Huaguang Zhang
Title: Self-learning Optimal Control for Power Systems by Using ADP: Recent Results and Applications

Abstract: As is known, it is often computationally untenable to run dynamic programming due to “curse of dimensionality”. Adaptive dynamic programming (ADP) is a powerful tool in solving the optimal control problems of complex nonlinear systems based on the principle of optimality and neural networks. In this talk, the self-learning optimal control issues will be addressed as follows: 1) The fundamental theory and recent development of ADP-based optimal control; 2) The event-triggered ADP for multi-player games is proposed in an on-line fashion, which can remove the requirement of control information in the triggering condition; 3) Considering the practical applications, we further study the optimal control of the multi-area power system and hybrid wind/solar systems to solve the accurate current sharing and realize the voltage and frequency regulation. Some examples are provided to show that the proposed method has good robustness to the uncertainty and unmodelled dynamics of the power systems.
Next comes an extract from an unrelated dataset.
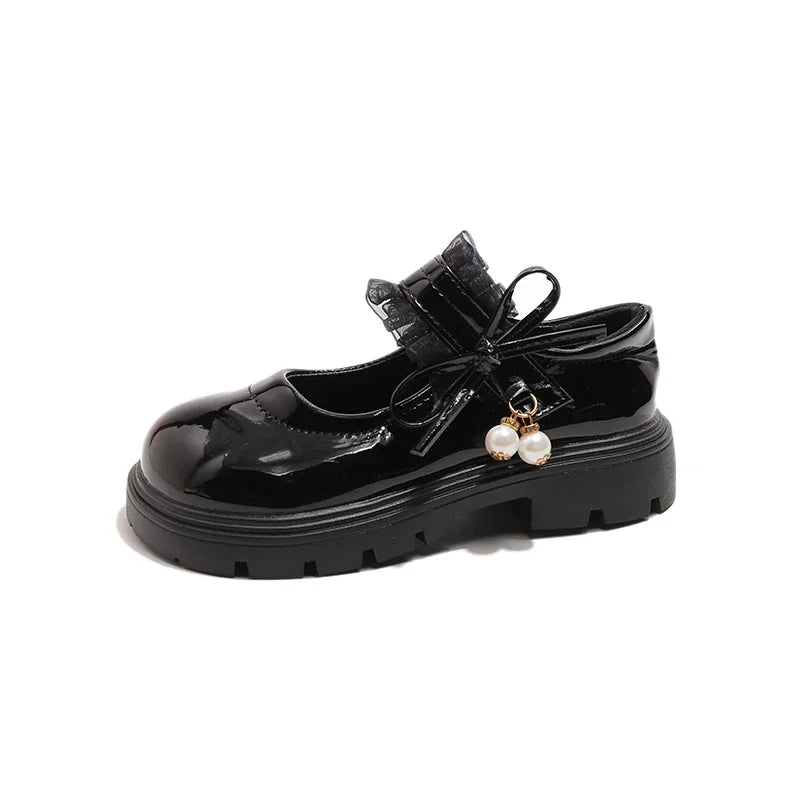 Chaussures Mary Janes noires en cuir PU, plaques et souples, avec pendentif perlé, idéales pour école, mariage et occasions, au toucher doux et brillant.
Biography: Huaguang Zhang received the Ph.D. degree from Southeast University, Nanjing, China, in 1991. From 1992 to 1994, he did his postdoctoral research at Northeastern University, Shenyang, China. He has been with Northeastern University since 1991, and is currently as a Full Professor and Ph.D. advisor. He has authored and coauthored over 300 journal and conference papers, four monographs and co-invented more than 50 patents. He has been severing as an associate Editor of Automatica since 2008, an associate Editor of IEEE Transactions on neural networks since 2010, an associate Editor of IEEE Transactions on Cybernetics since 2007, an associate editor of Neurocomputing since 2007. In addition, he is a fellow of IEEE, the former E-letter Chair, and the former Chair of Adaptive Dynamic Programming & Reinforcement Learning Technical Committee in IEEE Computational Intelligence Society. Besides those he has been a member of the Neural Systems and Applications (NSA) Committee of IEEE Circuits and Systems Society, a member of the Blind Signal Processing (BSP) Committee of IEEE Circuits and Systems Society, a member of the Technical Committee on Computational Intelligence of the Systems, Man, and Cybernetics Society since 2007. He was awarded the Outstanding Youth Science Foundation Award from the National Natural Science Foundation Committee of China in 2003. He was named the Cheung Kong Scholar by the Education Ministry of China in 2005. He is a recipient of the IEEE Transactions on Neural Networks Outstanding Paper Award (2012) and Andrew P. Sage Best Transactions Paper Award (2015) with IEEE SMC Society. His current research interests include Adaptive Dynamic Programming, Fuzzy System Theory, Fuzzy Control, Neural Network-Based Control, Adaptive Control, Complex Industry Process Automation, Electric Power System Automation, Motor Driving System Automation, Integrated Energy System Optimization.